Yesterdays is a live jazz album by Keith Jarrett, Gary Peacock, and Jack DeJohnette recorded in concert on April 30, 2001 at the Metropolitan Festival Hall in Tokyo and also at the sound-check recording of April 24, 2001 at the Orchard Hall in Tokyo that would give way to Always Let Me Go. It was released by ECM Records in 2009.

Reception 

In a review for AllMusic, Thom Jurek wrote: "What is most remarkable about this band is its sense of balance between eloquence, interplay, improvisational communication, and swing. This group is not only a solid link to the tradition Jarrett, Peacock, and DeJohnette all came up with, but it is a solid teaching pointer as to how to employ standards for the music in the future."
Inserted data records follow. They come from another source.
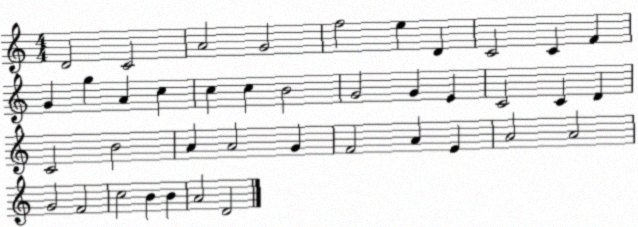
X:1
T:Untitled
M:4/4
L:1/4
K:C
D2 C2 A2 G2 f2 e D C2 C F G g A c c c B2 G2 G E C2 C D C2 B2 A A2 G F2 A E A2 A2 G2 F2 c2 B B A2 D2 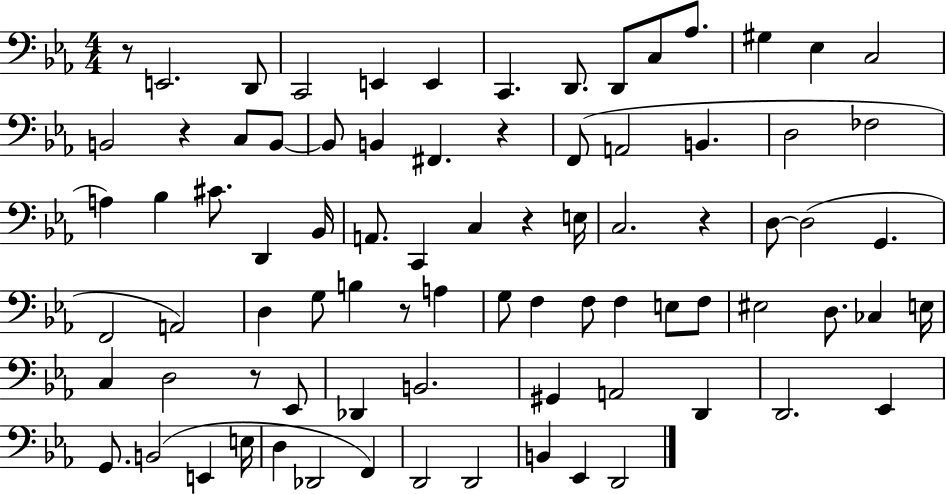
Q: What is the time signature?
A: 4/4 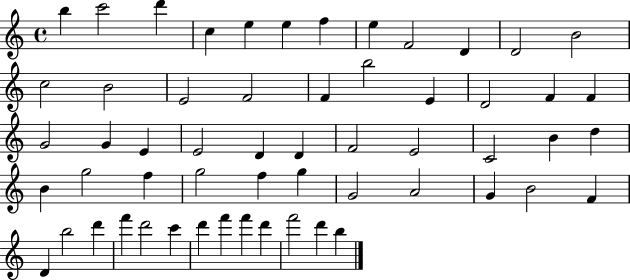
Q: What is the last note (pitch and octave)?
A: B5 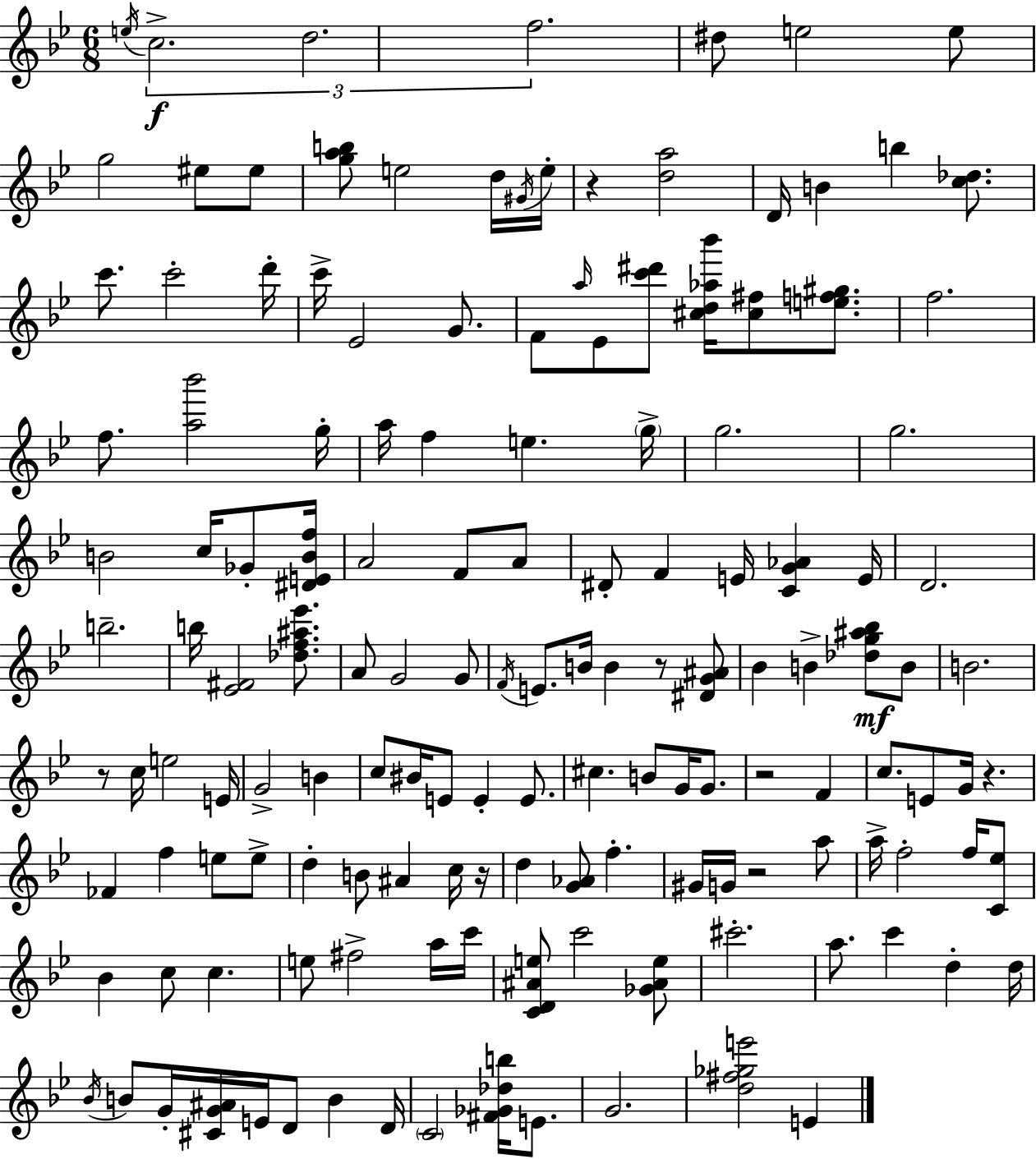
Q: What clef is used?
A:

Writing for All About Jazz, John Kelman commented: "No matter how well-heeled some of the material is, there's always a unique charm brought to each release in the trio's growing discography. Jarrett, bassist Gary Peacock, and drummer Jack DeJohnette continue to find new ways to respect the material, all the while keeping it fresh—infused with rarified nuance and an ever-present sound of surprise. The relevance of a good song never fades, as long as there are players who can find new ways to explore its full depth and breadth... This trio may be 25 years old, but Jarrett, Peacock, and DeJohnette are showing absolutely no signs of losing their edge or relevance."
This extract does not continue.